Personal information
- Full name: Claes Nick Rasmussen
- Born: 6 December 1968 (age 57) Ringsted, Denmark
- Playing position: Pivot

Club information
- Current club: Skanderborg AGF Håndbold

Senior clubs
- Years: Team
- 1984–2005: Fredericia HK

National team
- Years: Team / Apps / (Gls)
- 1992: Denmark / 1 / (0)

Teams managed
- 2006–2007: Fredericia HK
- 2010–2011: Vejle Håndbold
- 2011–2014: Ribe-Esbjerg HH
- 2014–2017: Fredericia HK (youth)
- 2017–2021: Skanderborg Håndbold
- 2021–: Skanderborg AGF

= Nick Rasmussen (handballer) =

Danish handball coach (born 1968)

Claes Nick Rasmussen (born 26 September 1968) is a Danish handball coach and former player, who is currently the head coach of Skanderborg AGF Håndbold.

He played 1 single match for the Danish national team in 1992 against the Netherlands.

== Career ==
As a player, he played his entire career for Fredericia HK, where he also had his first coaching position. He was fired after a season as the head coach, after he had publicly criticized the club leadership. He was later the head coach of Vejle Håndbold, followed by Ribe-Esbjerg HH. In 2012 helped Ribe-Esbjerg getting promoted to the Danish top division. In 2014 he was fired by Ribe-Esbjerg after failing to reach the Championship Play-off in the 2013-14 season.

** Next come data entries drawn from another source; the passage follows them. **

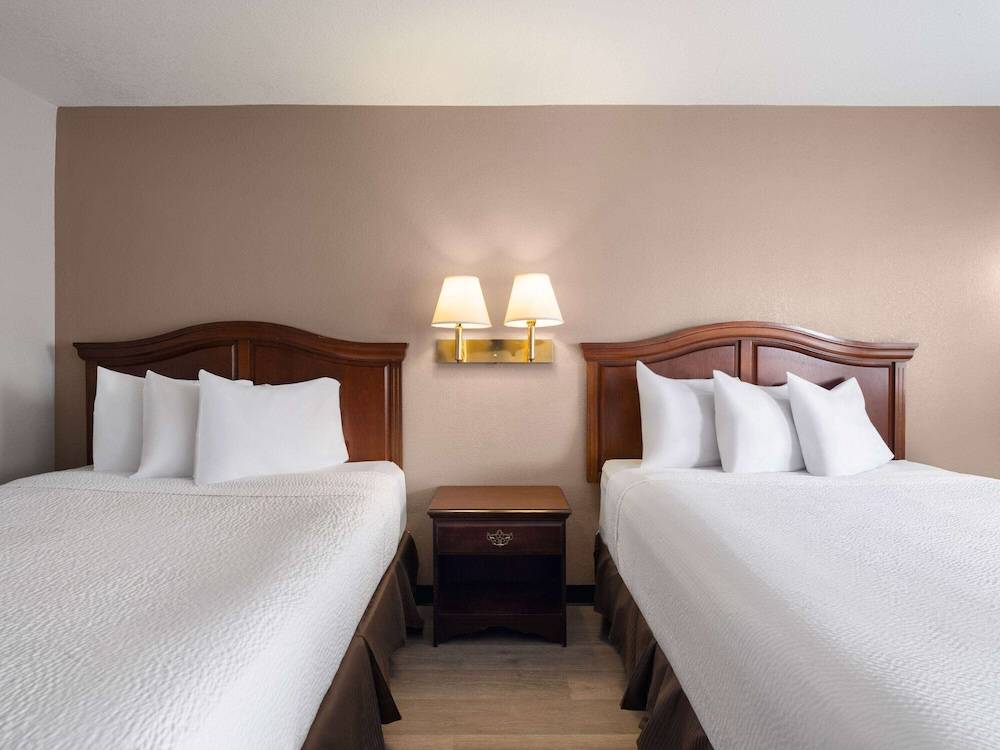 Travelodge by Wyndham Tucson AZ 1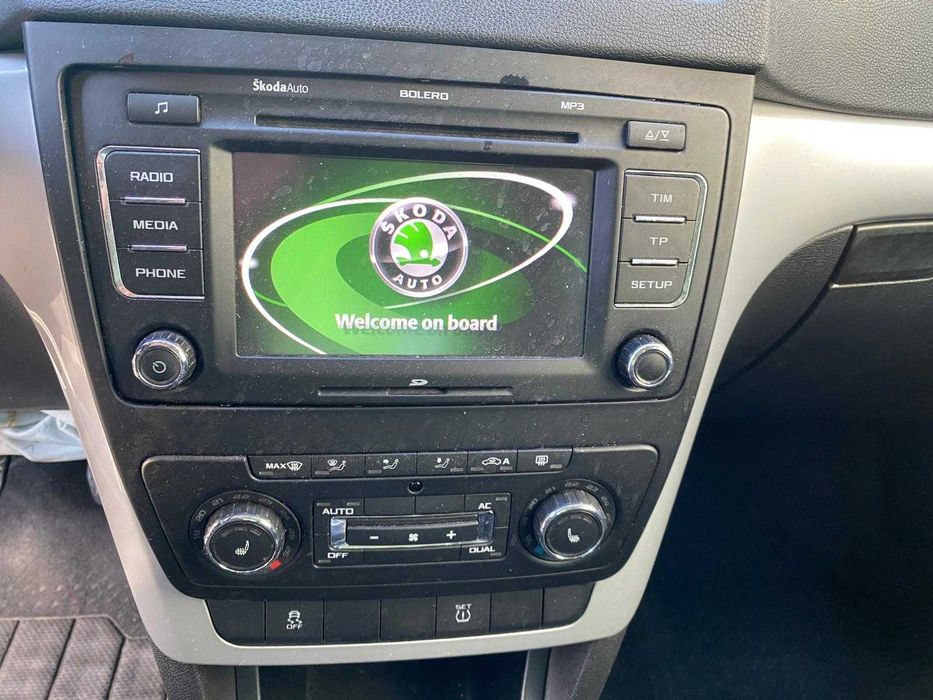 dezmembrez Skoda Yeti cod motor CFHA/usa fata yeti/hayon yeti/usa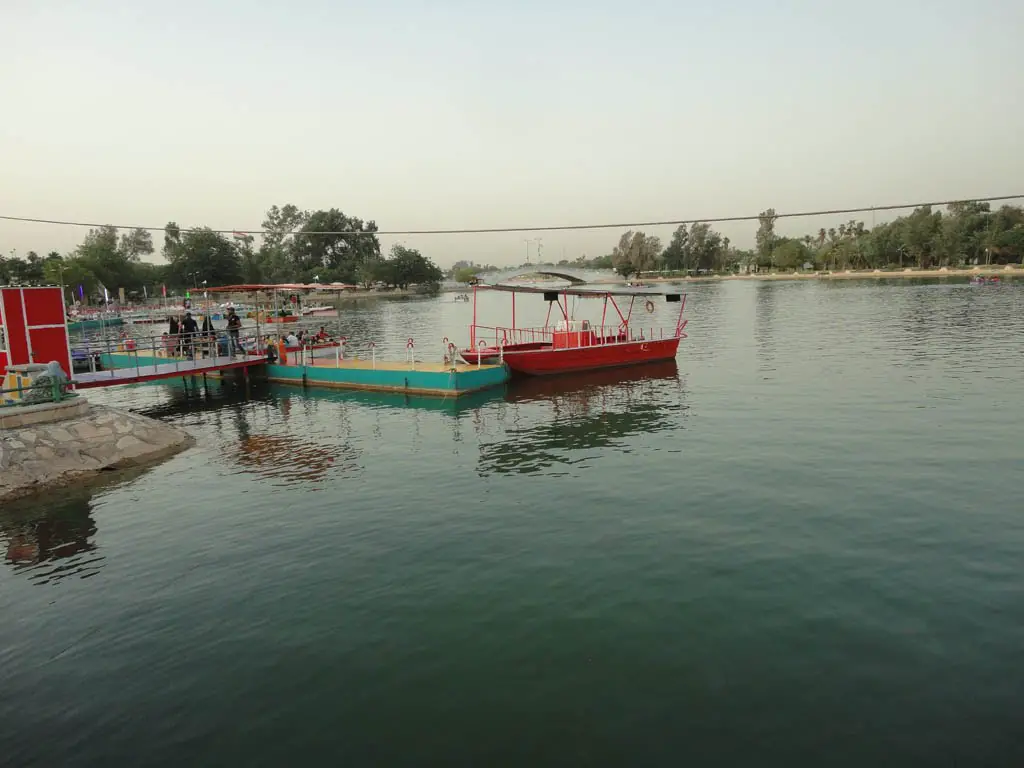 Al Zawraa lake 2011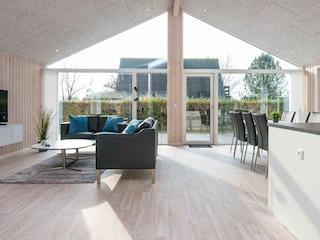 Holiday house Høll  15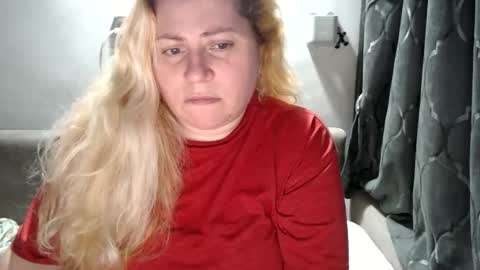 Laura online show from 02-10-25, 04:47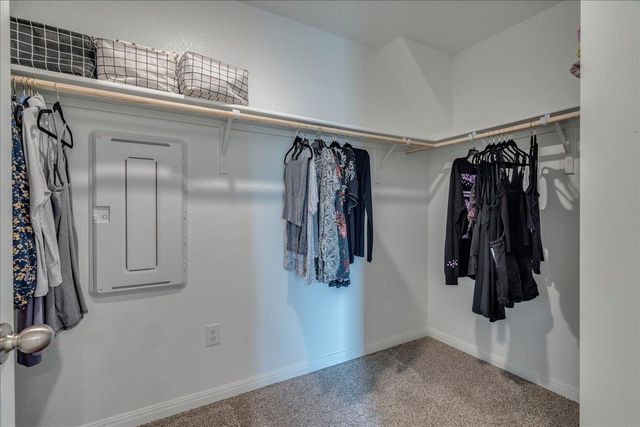 314 Lake Sweetwater LN, Buda, TX 78610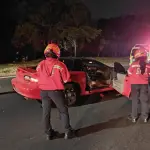 Dentro de este vehículo fue localizada la persona herida tras un ataque armado en el bulevar El Naranjo. ,Bomberos Municipales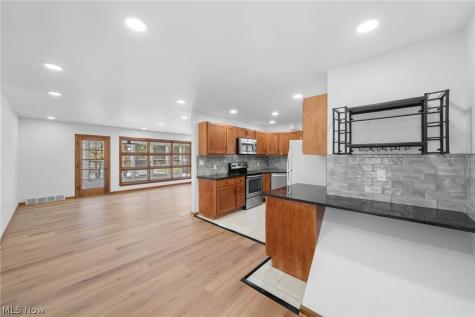1908 Valley Road Cuyahoga Falls OH 44223
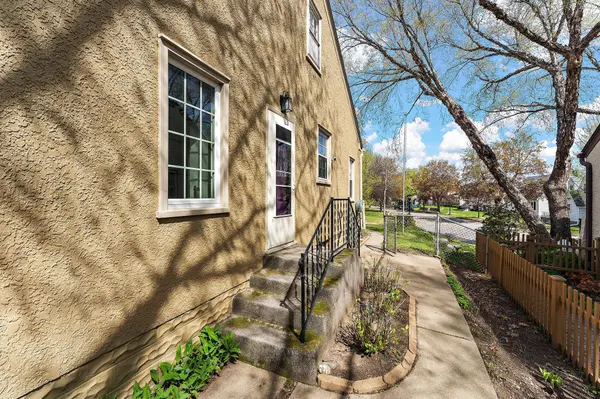 1216 Jessamine AVE E, Saint Paul, MN 55106
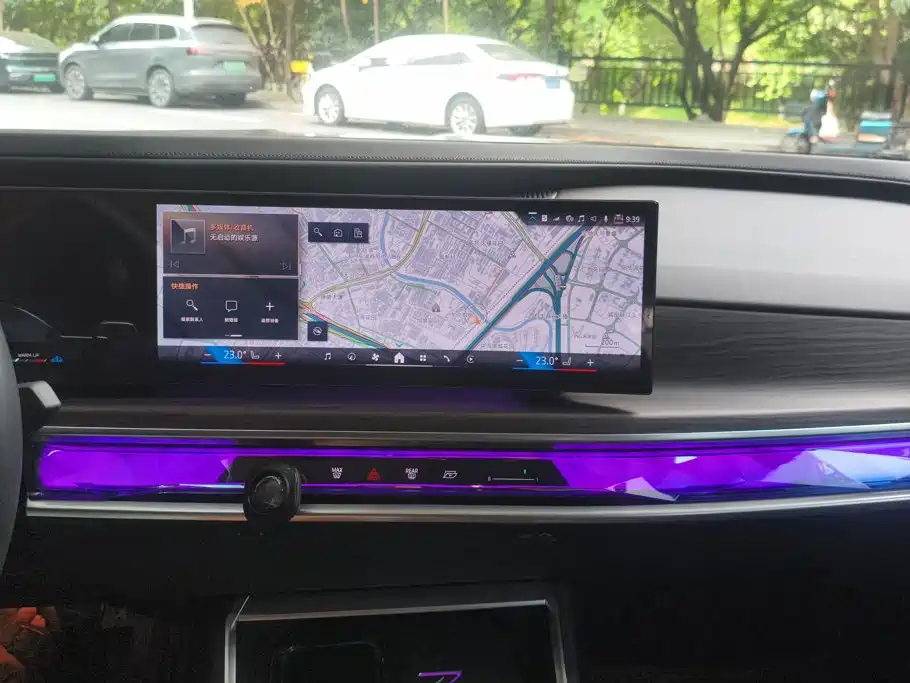 BMW 7 Series — миниатюра 13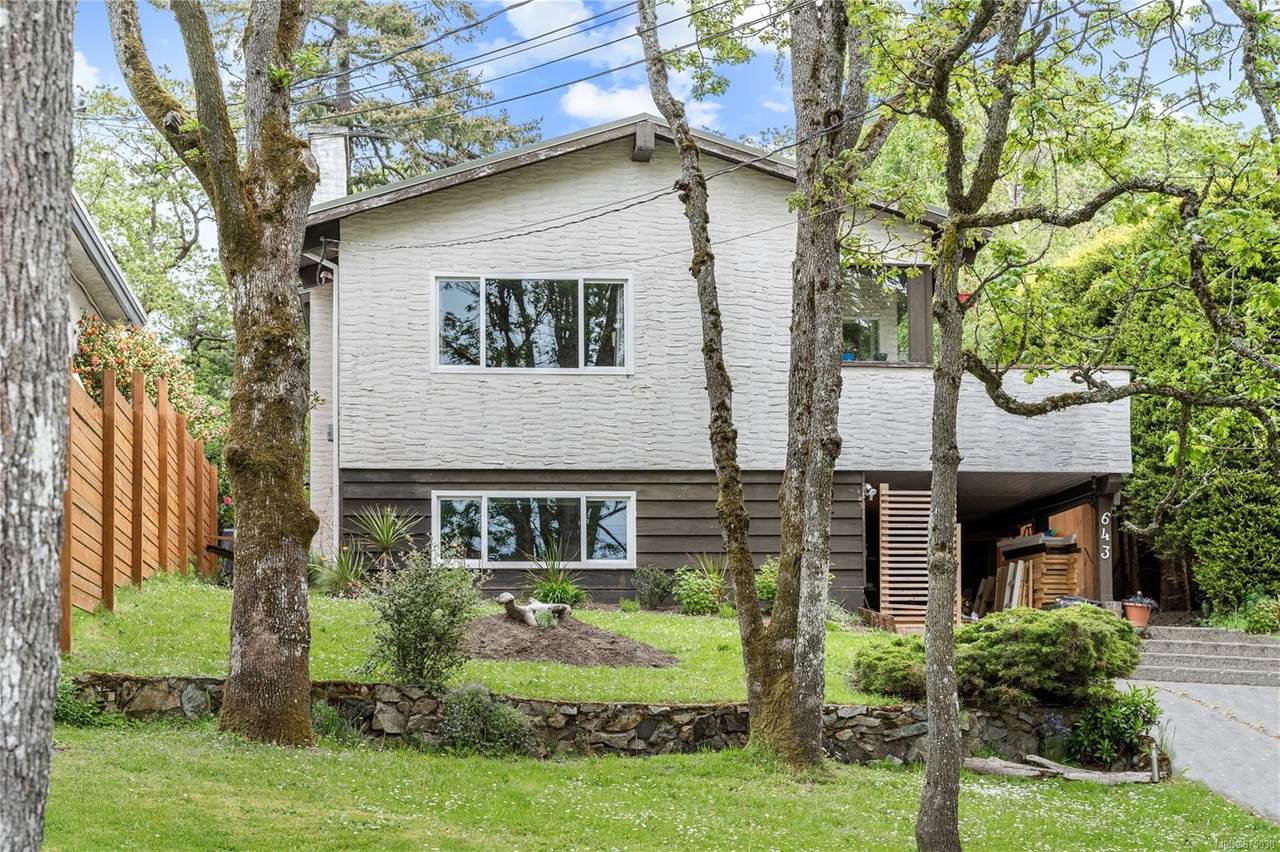 643 Drake Ave - Photo 1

In 2014 he returned to Fredericia HK as a youth coach.

In 2017 he became the head coach of Skanderborg Håndbold's men's team. In 2019 the team reached the final of the Danish Men's Handball Cup for the first time in club history. Here they would however lose to Aalborg Håndbold.

When the team fused their men's team with that of AGF Håndbold to become Skanderborg AGF Håndbold he was appointed to continue coaching the first team. In his first season he managed to qualify the team EHF European League. In the same season he was named Danish League coach of the year.

In the 2025-26 season he managed to get the team to the final the Danish Championship for the first time, where they once again lost to Aalborg Håndbold. For that accomplishment he was named Coach of the Year in Denmark. The same season he extended his contract with the club until 2028.

== Private ==
His daughter Thea Hamann Rasmussen is also a handball player.